Latest posts by Bookertoo

Glass V Polycarbonate Greenhouse

Posted: 13/10/2014 at 12:16

Although I dearly love my wood and glass greenhouse, the glass in clearer and lets in more light than a polycarbonate one, and the wood is warmer than metal, I would not have one on an allotment.  Sadly there are too many twerps who would break the glass just for 'fun', and that leaves the possibility of injury to an innocent passer-by.   The point about larger animals is a good one, though would not apply to all.  Keep the glass greenhouse for the garden, if it is reasonably secure from trespass, and the polycarbonate for areas that may be public - sad, but true. 

Christmas stuff in shop

Posted: 09/10/2014 at 23:19

Have any of the grumblers about early Christmas stockists ever thought about it from some other peoples points of view?  If you want to send cards or gifts long distance overseas by surface mail you've almost missed the boat - it needs to go out NOW!! Also, for many people there are only 2 more pay days between now and the holiday - buying a little each week may help those on a tight budget.  Some firms will pay people their January wages before Christmas - just think what that does to new year and January? Not everyone can afford time or money to wait till December.   Yes, there are times it drives some people mad, but for some the possibility of getting things sent at all is the difference between being able to send to say Australia by surface mail, and not being able to afford air mail - maybe think a little before sounding off?

Plant ID please

Posted: 08/10/2014 at 10:25

That depends very much on what protection you are going to use.  The leaves and stems will die down entirely, leaving only the tuber in the pot, so wrapping it up at that point is fine.  Please do not use bubble wrap or anything like it, it gets wet on the inside and then if it freezes will make the compost even colder - and/or damage the pot.  Newspaper tied around and topped with sacking is good, or horticultural fleece if you can get some - any old curtains or cloths are fine, with the newspapers to absorb the wet.  Bracken or fern leaves are excellent as packing, but not everyone has access to those.  Even dry leaves tucked inside sacking or whatever will add a way of reducing moisture and keep the pot that degree or two above freezing that is all that is needed.  If you can put the pot next to the house, or in a hedge (where mine go) or next to a greenhouse, or anywhere where a tiny bit of heat and protection will be offered that is even better.  On the whole dahlias are pretty tough, but this is still a young one so will want a bit of help - so much depends on what kind of winter we get. 

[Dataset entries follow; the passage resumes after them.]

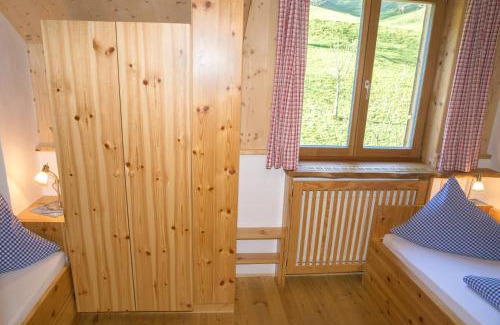 Scheibbs Appartement | Urlaub mitten im Wald - Lueg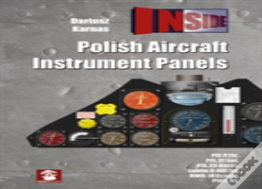 Polish Aircraft Instrument Panels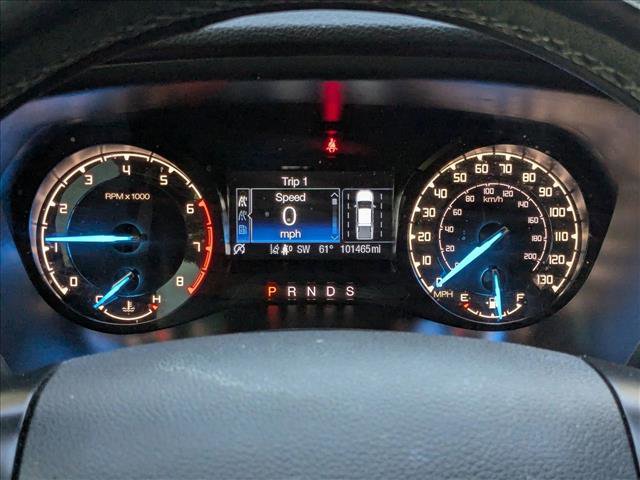 Used 2022 Ford Ranger XLT w/ Tremor Off-Road Package AWD/4WD image 3
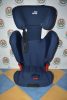 Britax Römer Kidfix II XP SICT Black Series-Moonlight Blue HIBÁTLAN gyerekülés 15-36 kg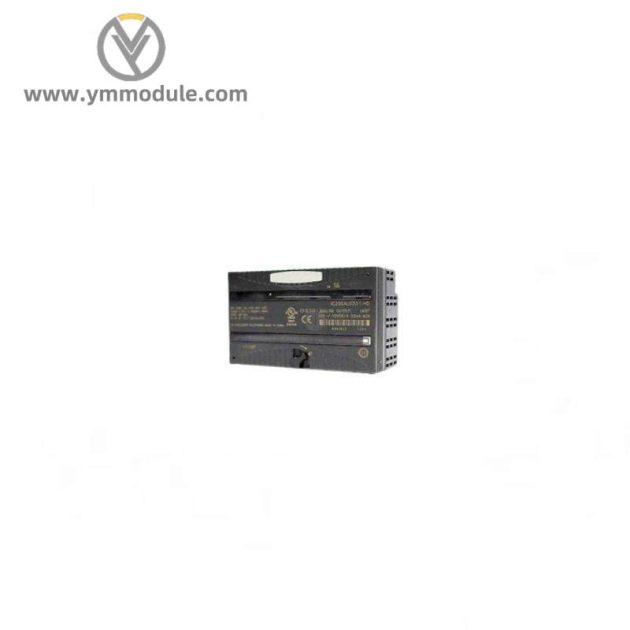 GE IS200EPSMG2AEC - High Performance Exciter Power Supply Module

Another plant id required, thank you please...

Posted: 07/10/2014 at 16:57

I was given a spade full of those (literally) from someone whose flower bed had become overrun with them.  Added a few dark red ones, the whole patch is a joy each early autumn - now blooming away.  No idea what kind they are, there are shades of pink, white and a few red that I added - in a fairy well drained area but still quite happy after several years. 

Plant ID please

Posted: 07/10/2014 at 16:54

… used to leave them in the ground until the very hard winter a few years ago, lost the lot.  Now grow in large pots which get tucked under the hedge with some protection.  Smaller pots get put in the cold frame.  If its only young then give it a chance and protect it - we have no idea what kind of winter is coming after all. 

Blue fingers definetly not Green

Posted: 29/09/2014 at 14:56

Another nice little shrub under which to hide the dying but so necessary leaves of bulbs, are the smaller leaved hebes  -  be careful though, the larger leaved ones are able to become very large shrubs indeed, not really what you want!  There are many small ones which are pretty in leaf and in flower. Mixed with some of the hardy geraniums previously mentioned could give a very good look to start with. 

Potato berry???

Posted: 28/09/2014 at 21:27

I was very unhappy to see earlier in the year, that a certain company (don't recall which one) was offering potato plants with a tomato grafted to the top.  Now, this is likely to work I suppose as they are indeed the same family -  but, how many folk may not realise this is grafted and assume the red berries or fruits of all potatoes are in fact edible?  Sometimes I think that breeders of plants are not very thoughtful - this looks like an accident waiting to happen to me.  Don't know if it actually took off  I must say, but dodgy I thought. 

Hebe - Does Anyone Know ?

Posted: 26/09/2014 at 11:13

Sounds like the end of a good gardening day to me!  You are far further north than I am PinkandWhite, I'm in the Midlands, the Eastern side - you'll get alot colder than I will probably.  Fleece for plants is a good idea, though those which are still attached to the main plant will suffer less than detached ones.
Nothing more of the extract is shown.